WHAT YOU ARE ASKED TO DO
With the exception of the pictures, write out the data below precisely.

DATASET SECTION

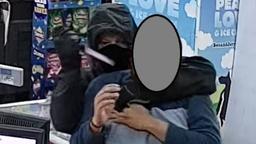 پلیس ایالت ویکتوریا در جستجوی سارق چاقو به دست در ملبورن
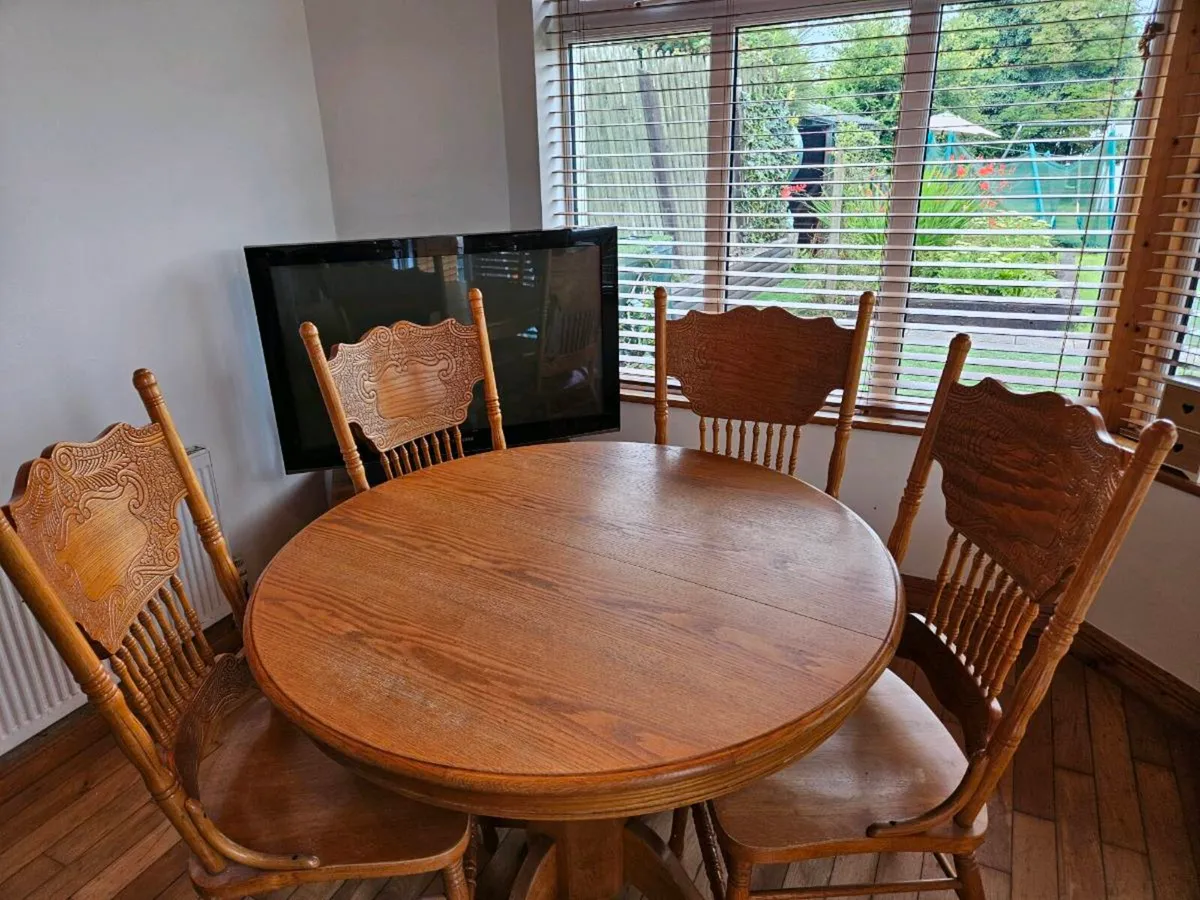 Solid pine table and 4 chairs - Image 2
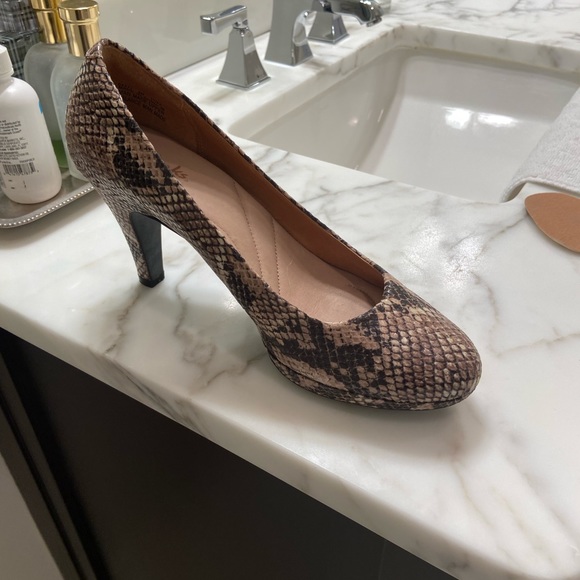 Clarks, indigo pumps, size 9, new with tags, never worn - Picture 6 of 11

SOLUTION TO THIS EXERCISE
 پلیس ایالت ویکتوریا در جستجوی سارق چاقو به دست در ملبورن
 Solid pine table and 4 chairs - Image 2
 Clarks, indigo pumps, size 9, new with tags, never worn - Picture 6 of 11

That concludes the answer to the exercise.